L’obiettivo della terapia è quindi quello di assistere il paziente nel comprendere questo processo e nel pianificare l’implementazione di abitudini positive. Ciò implica stabilire regole e impegnarsi a seguirle, anche se inizialmente richiedono sforzo e autocontrollo. Con il tempo e la ripetizione, queste azioni diventano più naturali e spontanee, proprio perché si trasformano in abitudini automatiche. Tuttavia, affinché questo processo sia efficace, è essenziale che ci sia una motivazione intrinseca che guidi il paziente nel suo percorso di cambiamento.

Mantenere una pratica regolare è un pilastro nel processo di formazione di abitudini positive. Nell’ambito psicoterapeutico, ciò potrebbe tradursi nell’implementazione di tecniche o strategie specifiche. Ad esempio, un paziente impegnato nella gestione dello stress potrebbe essere incoraggiato a praticare la respirazione profonda o la mindfulness regolarmente. L’evitare interruzioni è cruciale: nella terapia, ciò potrebbe implicare un’esplorazione approfondita delle resistenze e la messa in atto di strategie per superarle. La scelta di un ambiente favorevole può essere interpretata come la creazione di un contesto terapeutico sicuro e di supporto, dove il paziente si sente incoraggiato a esplorare e adottare nuovi comportamenti senza giudizio.

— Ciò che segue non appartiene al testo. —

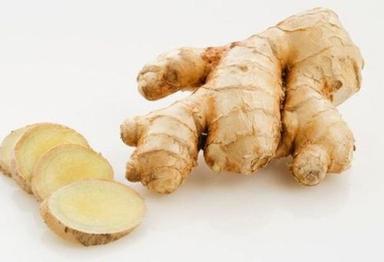 Natural Fresh Organic Raw Ginger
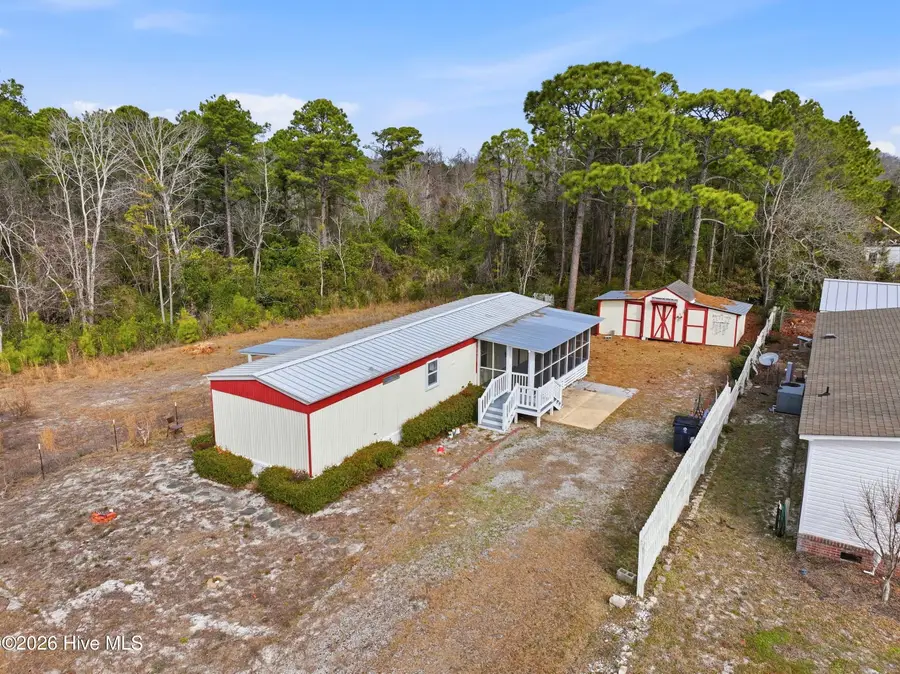 4812 Coastal Drive Se, Southport, NC 28461 - #3
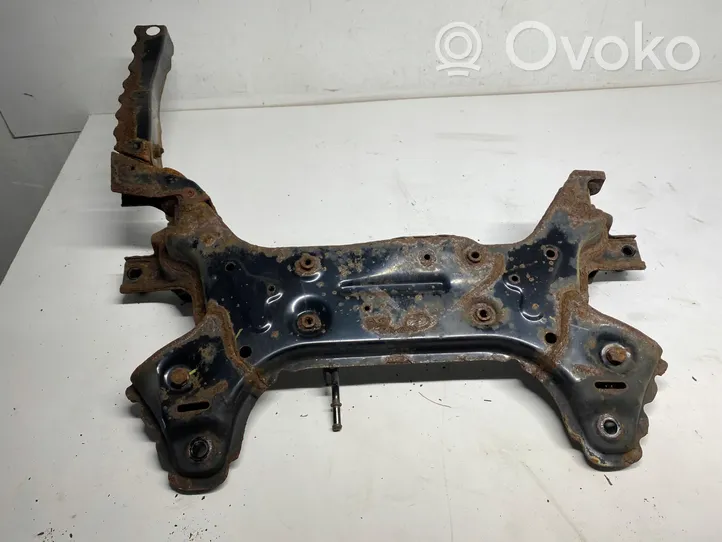 KIA Venga Front axle beam 62400-1P500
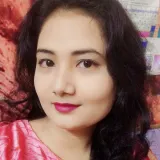 Rachita - Chemistry tutor - Rayagada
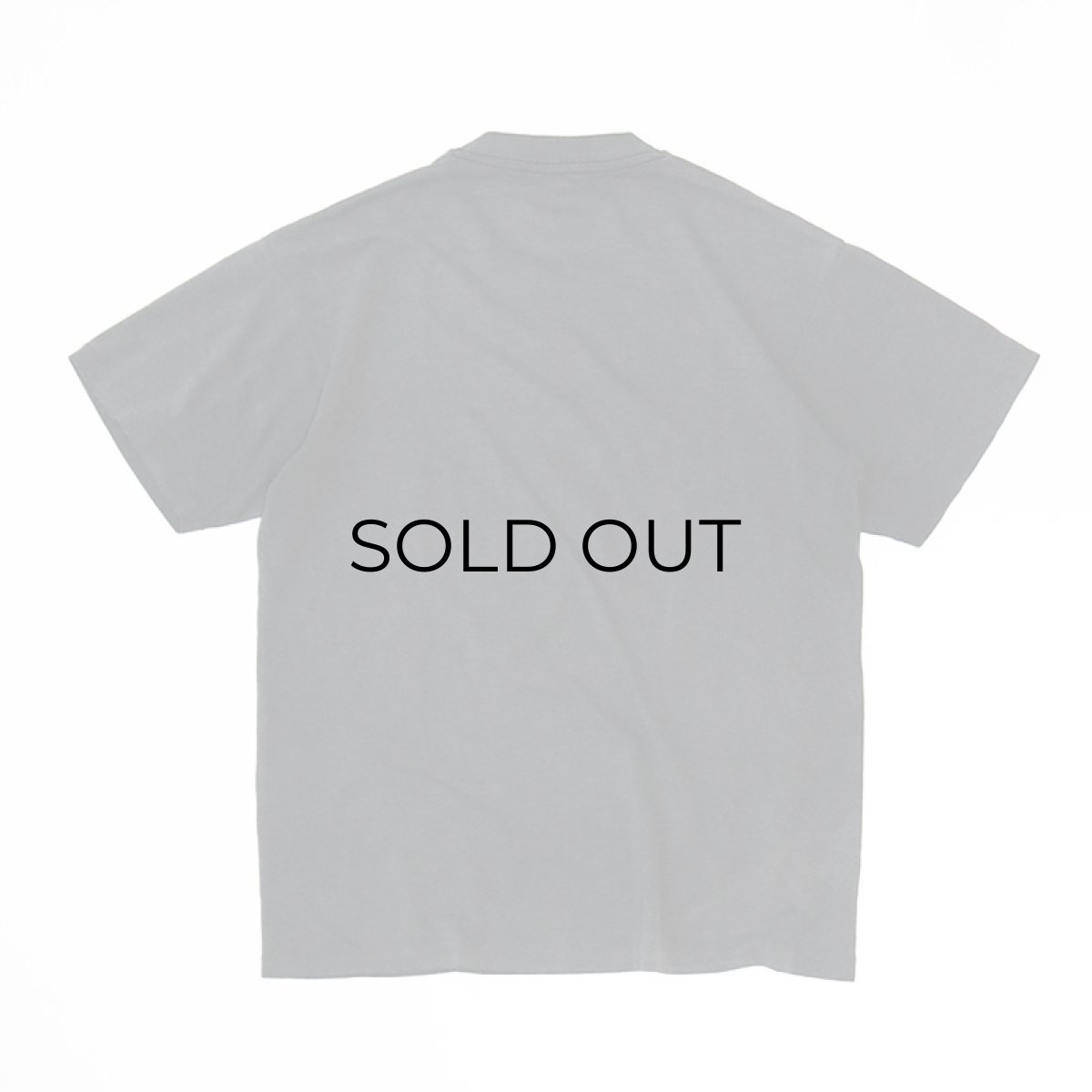 画像2: 80's adidas PRINT S/S TEE (2)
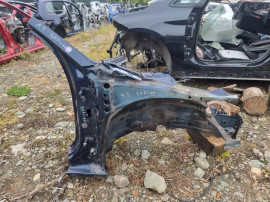 Lonjeron dreapta Audi A3 8V Berlina 2015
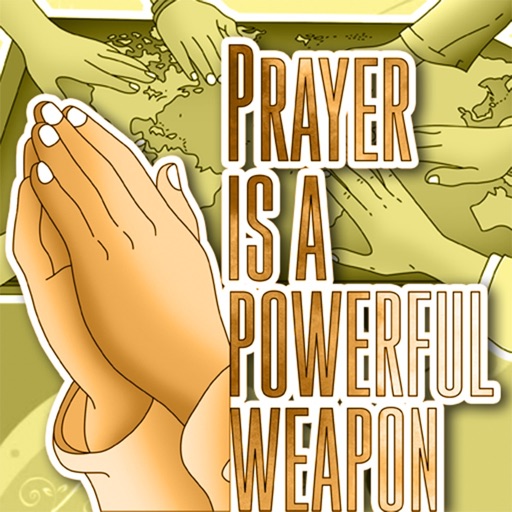 Prayer Stickers by Ziworn Realties Limited
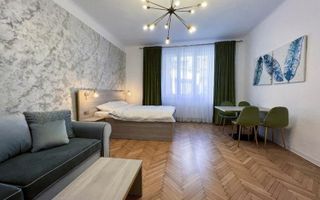 🏡 Apartament 3 camere ultracentral, Zona Mitropoliei, 91 mp utili, - Poză 1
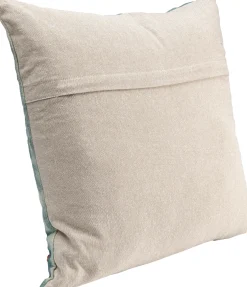 Outlet KARE Design Poduszka dekoracyjna Mali 45x45 cm kolorowa - KARE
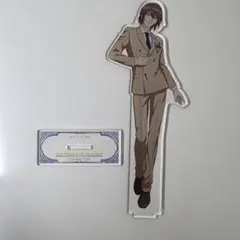 不二周助 アクリルスタンド 新テニスの王子様 テニプリスト2023WINTER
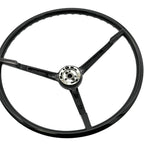 Steering Wheel OE Style Replacement for 1967 Ford Mustang (1967–1967)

Non fermarsi fino al raggiungimento dell’obiettivo sottolinea l’importanza di mantenere la costanza e la persistenza nel processo terapeutico. Questo suggerisce una collaborazione a lungo termine tra terapeuta e paziente, affrontando progressivamente le sfide e celebrando i successi, anche quelli apparentemente piccoli. L’obiettivo finale potrebbe essere ridefinito nel corso del tempo, in base all’evoluzione delle esigenze del paziente, creando un approccio flessibile e personalizzato.

Spezzare l’abitudine

Un aspetto cruciale nel processo terapeutico è la valutazione delle abitudini del paziente. È essenziale riconoscere che il risparmio energetico, sebbene benefico per le abitudini positive, può avere conseguenze negative quando applicato a comportamenti dannosi. Il fulcro dell’intervento terapeutico è dunque analizzare attentamente se le abitudini del paziente siano virtuose o viziose.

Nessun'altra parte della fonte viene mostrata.